Digital payments have increased manifold after demonetisation came into effect two years ago. It may be recalled that the government had withdrawn currency notes of ₹500 and ₹1,000 on November 8, 2016, which created a cash crunch that continued for more than a year in different parts of the country. As per data available with the RBI and National Payments Corporation of India (NPCI), the increase in digital payments has been profound in popular channels such as National Electronic Fund Transfer (NEFT) and mobile banking between September 2016 and September 2018.
The value of NEFT transactions had gone up from ₹988,000 crore in September 2016 (just two months before demonetisation) to ₹14,182,000 crore in September 2017, and to ₹18,015,000 crore in September 2018.
The value of mobile banking transactions, too, shot up from ₹2,700 crore in September 2015 to ₹104,300 crore in 2016, and to ₹186,200 crore in 2017.
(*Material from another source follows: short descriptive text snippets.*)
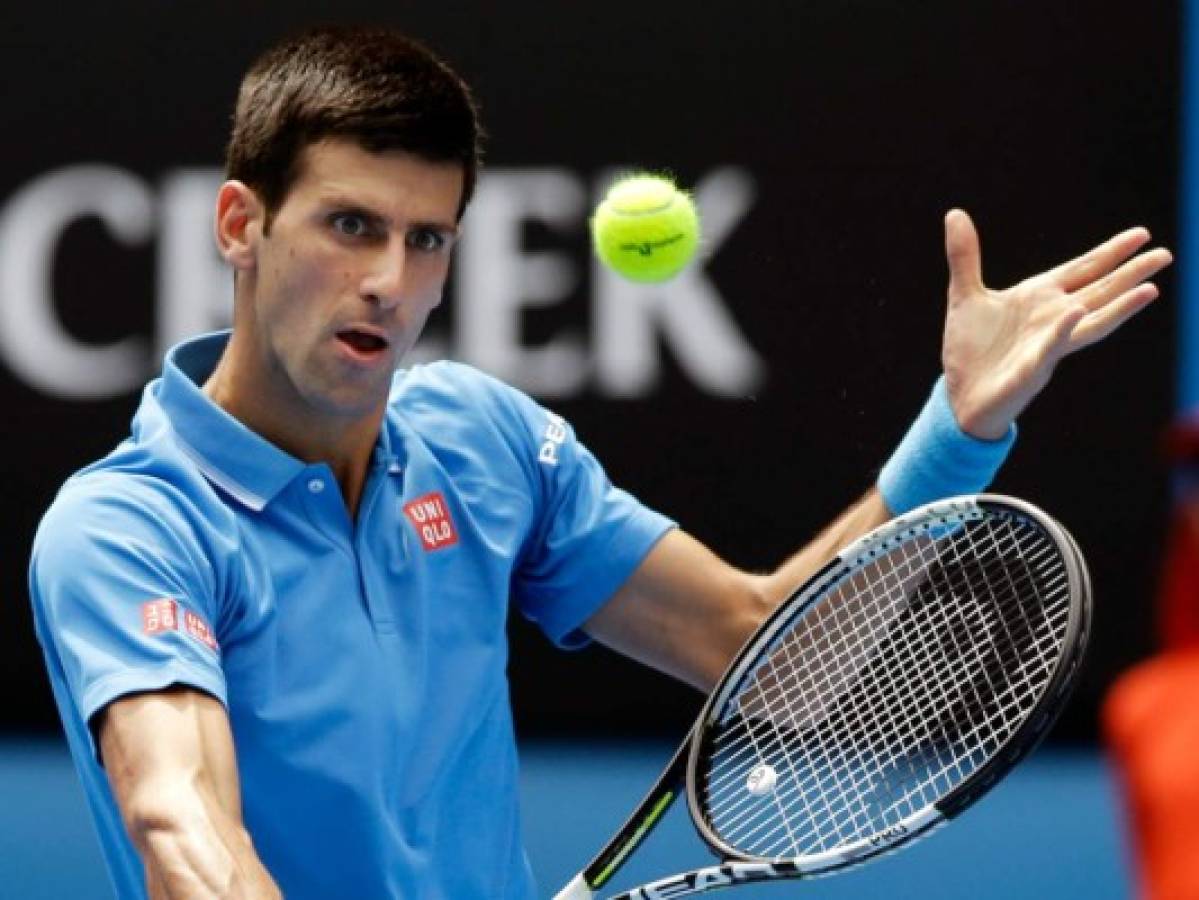 Williams y Djokovic avanzan en el Abierto de Australia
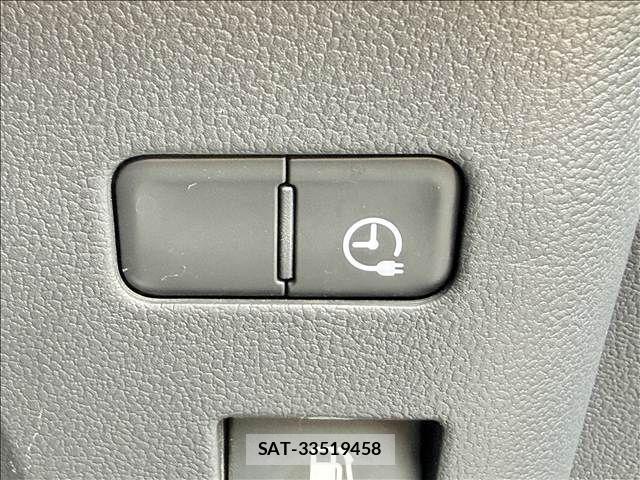 Toyota PRIUS PHV 2017-02 8781737-15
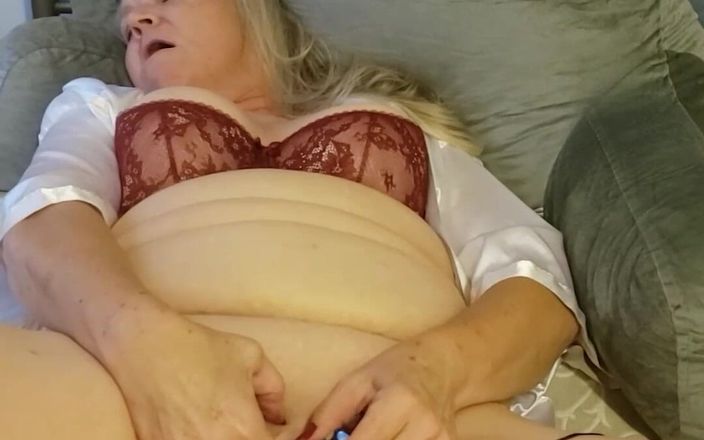 Momma Vee: Hot Mature BBW Fucks Her Dildo! Good One to Jerk...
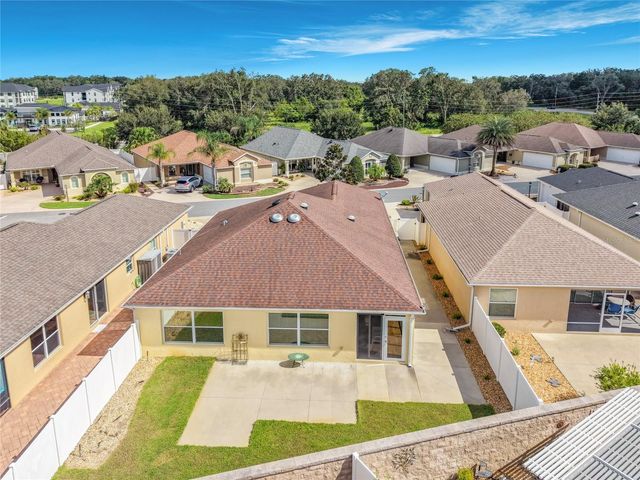 1068 BECKER AVENUE, The Villages, FL 32163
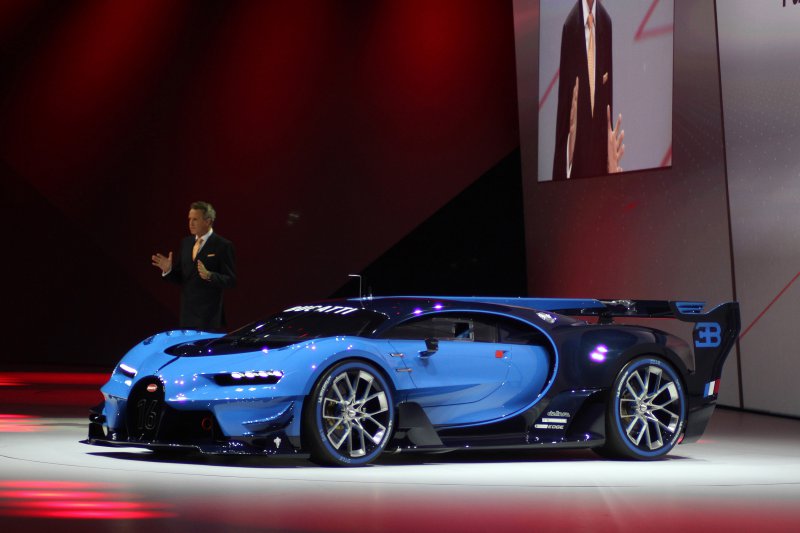 Франкфурт 2015: Bugatti представил концепт Vision Gran Turismo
“If one includes all digital transactions, there has been a 440 per cent increase since demonetisation,” R Prabhu, Managing Director & Group Chief Executive Officer, Payswiff, told BusinessLine . This growth has been driven by Tier II and Tier III markets, which mostly stayed away from digital transactions before demonetisation, he added.
Demonetisation may be history now. But the trend of increased use of alternative channels in banking has been continuing. SBI has also reported a 502 bps increase in the share of alternative channels at 83.47 per cent as on September 2018 against 78.45 per cent in the year-ago period. In individual segments, internet banking has shown faster growth.